▼▼▼
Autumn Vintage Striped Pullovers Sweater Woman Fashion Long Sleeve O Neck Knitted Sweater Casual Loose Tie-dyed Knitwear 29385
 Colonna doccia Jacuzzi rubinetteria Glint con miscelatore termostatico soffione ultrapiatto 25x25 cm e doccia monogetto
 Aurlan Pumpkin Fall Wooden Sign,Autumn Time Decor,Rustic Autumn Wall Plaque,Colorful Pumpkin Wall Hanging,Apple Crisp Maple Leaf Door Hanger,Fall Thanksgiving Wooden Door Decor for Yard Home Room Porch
▲▲▲
Problem to solve: Transcribe the listing above verbatim, leaving every line whole.

Response to this exercise:
Autumn Vintage Striped Pullovers Sweater Woman Fashion Long Sleeve O Neck Knitted Sweater Casual Loose Tie-dyed Knitwear 29385
 Colonna doccia Jacuzzi rubinetteria Glint con miscelatore termostatico soffione ultrapiatto 25x25 cm e doccia monogetto
 Aurlan Pumpkin Fall Wooden Sign,Autumn Time Decor,Rustic Autumn Wall Plaque,Colorful Pumpkin Wall Hanging,Apple Crisp Maple Leaf Door Hanger,Fall Thanksgiving Wooden Door Decor for Yard Home Room Porch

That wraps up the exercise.